* What this task involves *
Return the data below unchanged, without images.

* Data *
= = = =

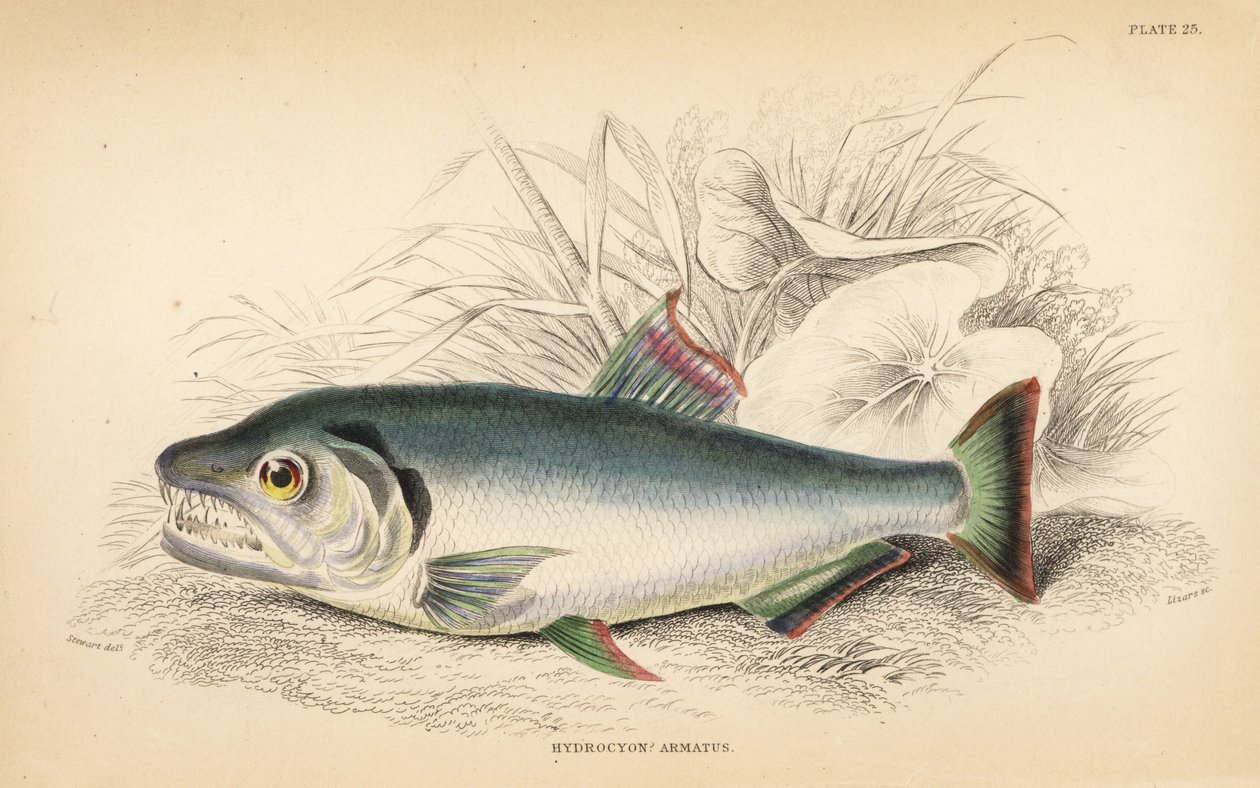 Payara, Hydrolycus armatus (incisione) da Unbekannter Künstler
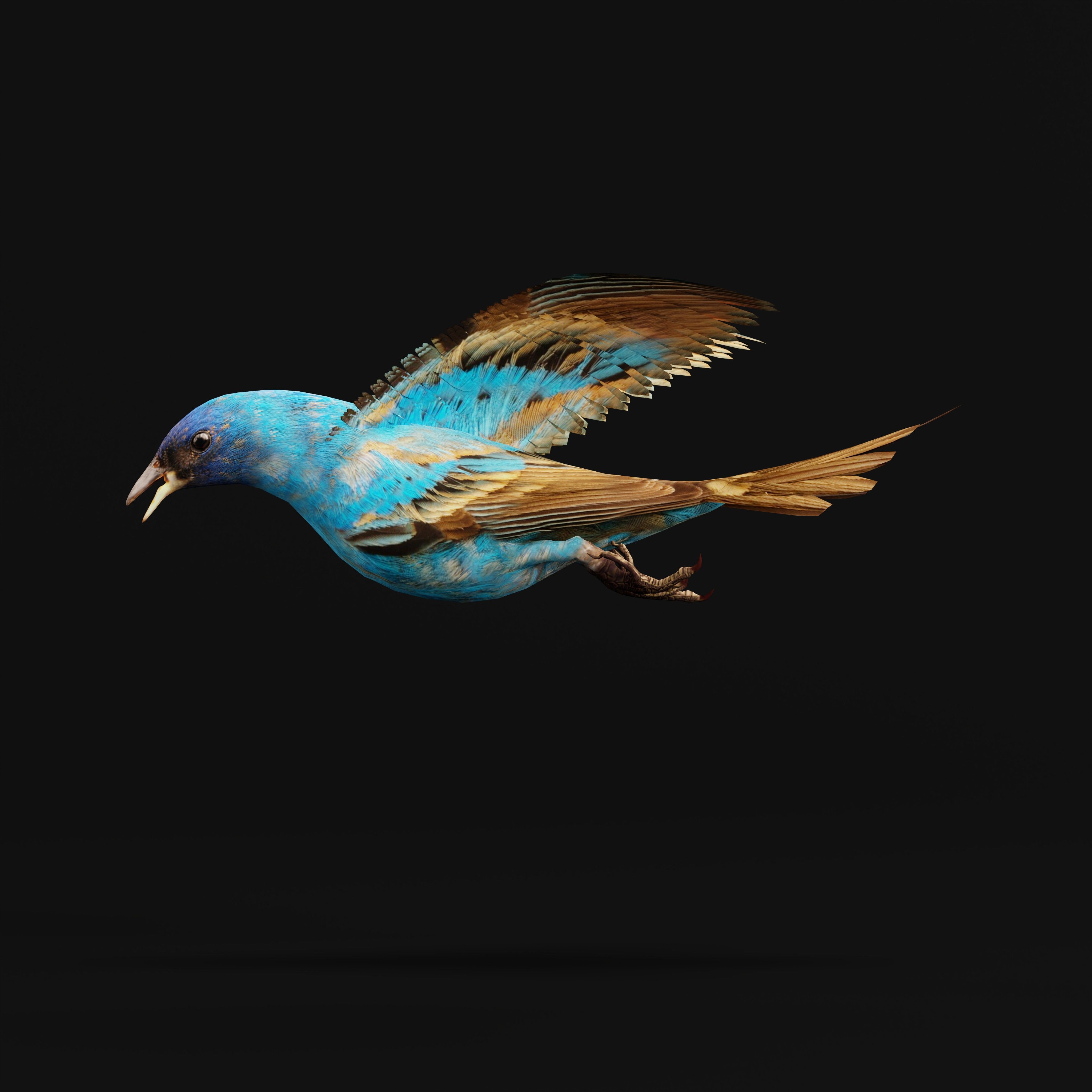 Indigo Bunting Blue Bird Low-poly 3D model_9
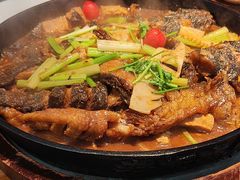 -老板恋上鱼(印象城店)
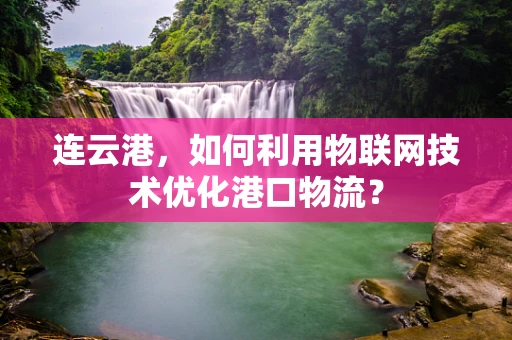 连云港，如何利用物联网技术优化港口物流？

= = = =

* Task answer *
 Payara, Hydrolycus armatus (incisione) da Unbekannter Künstler
 Indigo Bunting Blue Bird Low-poly 3D model_9
 -老板恋上鱼(印象城店)
 连云港，如何利用物联网技术优化港口物流？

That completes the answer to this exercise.